(Corrects quote in final paragraph)
* Dollar buoyant with U.S. yields bouncing from 3-year lows
* Easing risk aversion weighs on yen, Swiss franc
* Graphic: World FX rates in 2019
By Shinichi Saoshiro
TOKYO, Aug 20 (Reuters) - The dollar held near a three-week high
on Tuesday, as expectations global economies would unleash fresh
stimulus and an improvement in appetite for riskier assets lifted
yields on U.S. government bonds.
Yields on benchmark U.S. Treasuries pulled away from three-year
lows as investors tip-toed back into riskier assets, lured by hopes
for stimulus in major economies such as Germany and China, which eased
more recent global recession fears.
Investor focus on Tuesday will shift to the first setting of
China's new lending benchmark under its recent interest rate reforms,
due at 0130 GMT.
Risk appetite in global markets has been boosted this week by the
prospect of Germany ditching its balanced budget rule to boost
spending and China's interest rate reform plan, which is expected to
lower corporate borrowing costs.
"The dollar is higher across the board, tracking the rebound
in yields. The prospect of Germany embarking on stimulus was the
turning point and the dollar has regained momentum since," said
Yukio Ishizuki, senior currency strategist at Daiwa Securities.

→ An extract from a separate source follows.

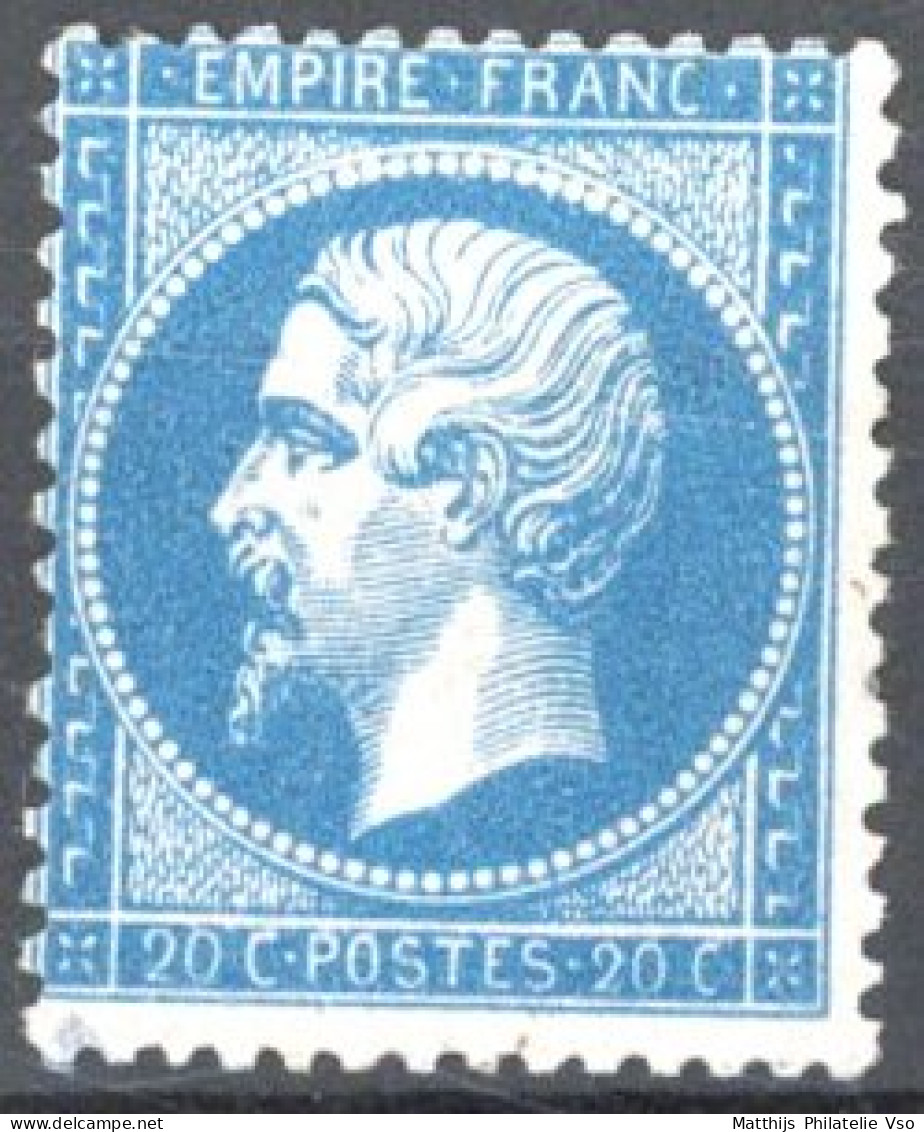 [* SUP] N° 22a, 20c Bleu Foncé, Signé Calves - Très Frais - Cote: 460€ - 1862 Napoléon III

The greenback traded little changed at 106.620 yen following
three straight sessions of gains, having moved away from a seven-month
low near 105.000 reached last week.
Against the Swiss franc, a currency sought in times of market
turmoil and political tensions along with the yen, the dollar hovered
near a two-week high of 0.9820 franc scaled overnight.
The euro was flat at $1.1081, caught near a two-week trough of
$1.1066 set on Friday.
The Australian dollar dipped 0.1% to $0.6757 against the
broadly higher dollar.
Market focus will shift to the annual symposium of global central
bankers starting on Friday at Jackson Hole, Wyoming.
Particular focus will centre on Fed Chairman Jerome Powell's
comments on monetary policy at a time when investors widely expect the
Fed to cut rates again at its next meeting in September.
"A series of further rate cuts by the Fed has already been
priced into the dollar. So the currency could gain a fresh boost if
Powell does not sound as dovish as expected and clouds rate cut
prospects," Ishizuki at Daiwa Securities said.